Supermarket industry consultant Burt Flickinger said he believes a strike is likely because the two sides are too far apart.
"Local 99 wants to see what happens in other markets first," he said. That includes striking supermarket workers in Southern California, West Virginia, Ohio and Kentucky, and a potential upcoming walkout in Indianapolis.
As in those locales, the issues on the local bargaining table are health care coverage and premiums, shoring up the pension pot and a pay raise.
The supermarkets want union workers, who currently don’t pay their health care premiums, to pay part of the monthly costs and to limit eligibility to those who work at least 130 hours a month instead of the 80 hours that now qualify parttimers for full health care coverage.
The union wants health care coverage to remain as in the current contract, and for the supermarkets to kick in more money to the pension fund.
The companies said they need to trim expenses to stay competitive with other nonunionized chains, especially Wal-Mart Supercenters.
The contentious issues are national concerns and not limited to the supermarket industry, said J. Craig Shearman, National Retail Federation vice president.
Congress already is wrestling with pension fund guidelines, Sherman said. Many traditional pension funds were tied to 30-year Treasury bonds, which have been discontinued. And many companies have dropped pension plans altogether in favor of 401(k) plans, where employees can elect to contribute and control the investments.
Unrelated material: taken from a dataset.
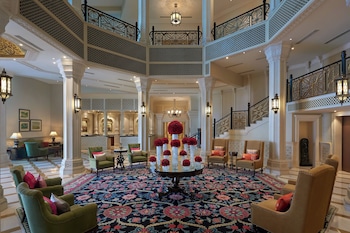 Itc Grand Bharat, A Luxury Collection Retreat, Gurgaon,Naurangpur- Tauru Road Gurgaon,5 star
Health care coverage is even more of a worry for many employees and employers, Shearman said.
"We’ve seen double-digit increases in health care costs," he said. "Employers are taking steps to bring them under control. Most employers pass on some of the costs to employees and they are becoming more stringent about who can get health care."
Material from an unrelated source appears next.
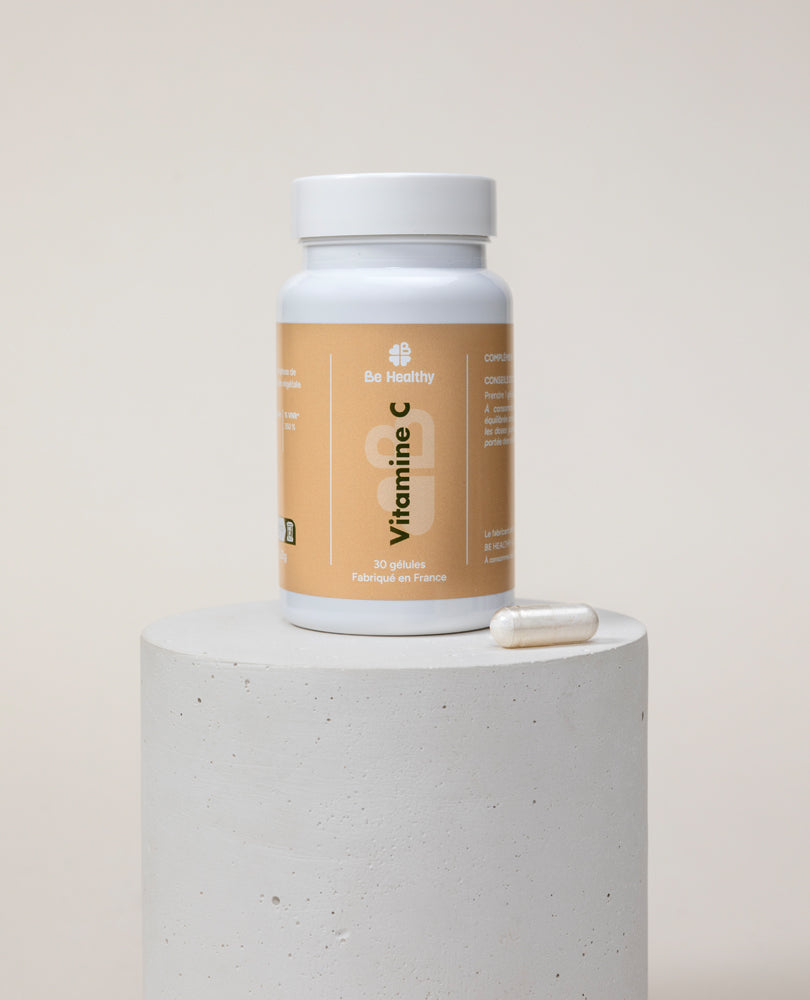 Vignette - Vitamine C liposomale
The Valley, considered one of the most competitive markets in the country, includes Albertson’s and Bashas’, which are not unionized, Wal-Marts, warehouse retailers such as Costco and Sam’s Club, niche grocers such as Trader Joe’s, Whole Foods and Wild Oats, and a strong contingent of independent supermarkets.
All of those chains could benefit from a strike, Flickinger said.
Flickinger said there was "an immediate shopper shift" in California when the strikes began because many shoppers elected not to cross the picket lines. Struck chains in California lost an estimated $50 million to $60 million each in October, he said, and the November impact could be three times that.
"And if it’s a long strike supermarket chains stop building new stores in the market," Flickinger said. "Then everybody loses."